Robert Grogan

Personal information
- Full name: Robert James Grogan
- Born: 21 March 1962 (age 64) Mount Isa, Queensland, Australia

Playing information
- Position: Five-eighth, Centre
Club
| Years | Team | Pld | T | G | FG | P |
| 1987–89 | Halifax | 60 | 10 | 0 | 0 | 40 |
| 1990 | Gold Coast | 17 | 4 | 0 | 0 | 16 |
| 1990–91 | Rochdale Hornets | 20 | 2 | 0 | 0 | 8 |
| 1991 | Bradford Northern | 6 | 0 | 0 | 0 | 0 |
|  | Total | 103 | 16 | 0 | 0 | 64 |
Representative
| Years | Team | Pld | T | G | FG | P |
| 1987 | Queensland | 2 | 2 | 0 | 0 | 8 |
- Source:

= Robert Grogan =

Australian rugby league footballer (born 1962)

Robert James Grogan (born 21 March 1962) is an Australian former rugby league footballer.

An outside back, Grogan was a Norths Aspley junior and Queensland under–18s representative. He started his first grade career in 1980 with Brothers, playing under Wayne Bennett. In 1987, Grogan was part of Queensland's tour of New Zealand, scoring two tries against the Bay of Plenty, and featured in a premiership team for Brothers.

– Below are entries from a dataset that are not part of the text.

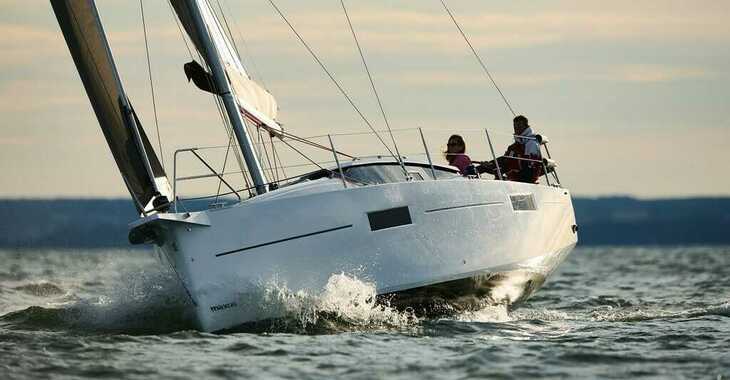 Alquilar velero en Marina Real Juan Carlos I - Maxus 35 (see with our base extra options availability as Air Conditioned)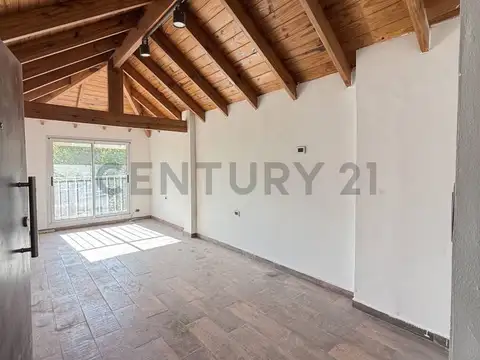 Departamento 3 ambientes con cochera y amplio patio!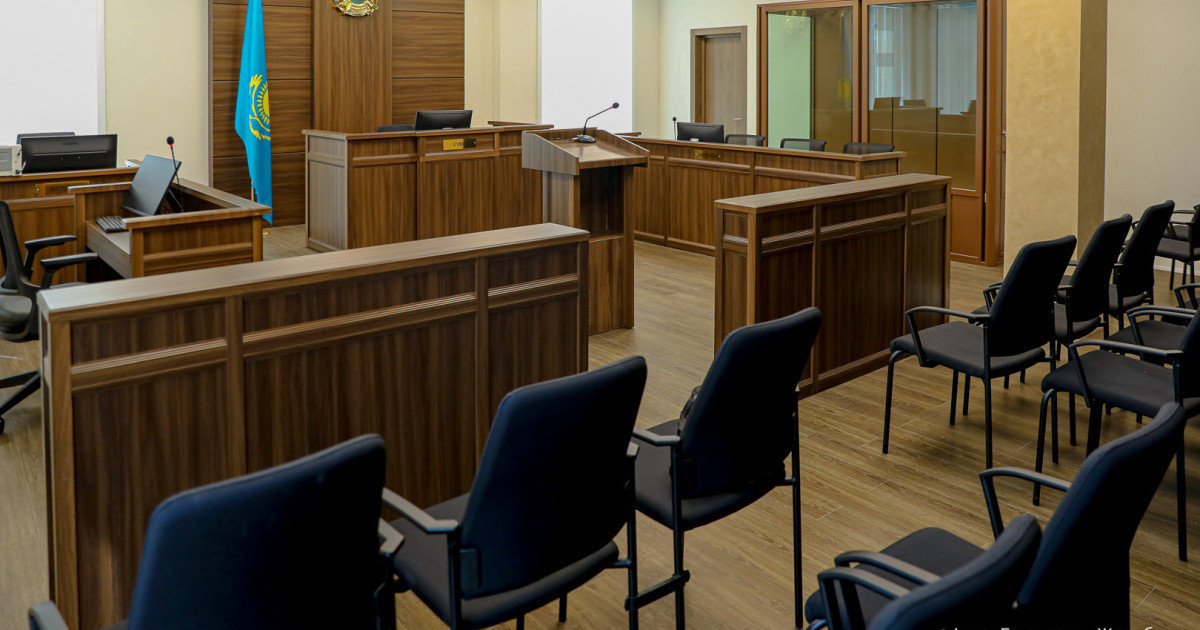 Құзырлы орган басшысына пара ұсынған директорға 195 миллион теңге айыппұл салынды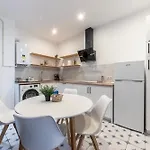 Urban & Cozy In Apartman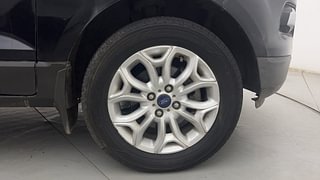 Used 2017 Ford EcoSport [2015-2017] Titanium 1.5L TDCi Diesel Manual tyres RIGHT FRONT TYRE RIM VIEW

Grogan played for the Gold Coast in the 1990 NSWRL season, making 17 first–grade appearances. This included two tries against South Sydney in a man of the match–winning performance. He played more often in England, where he had stints with Halifax, Rochdale and Bradford during the late 1980s and early 1990s.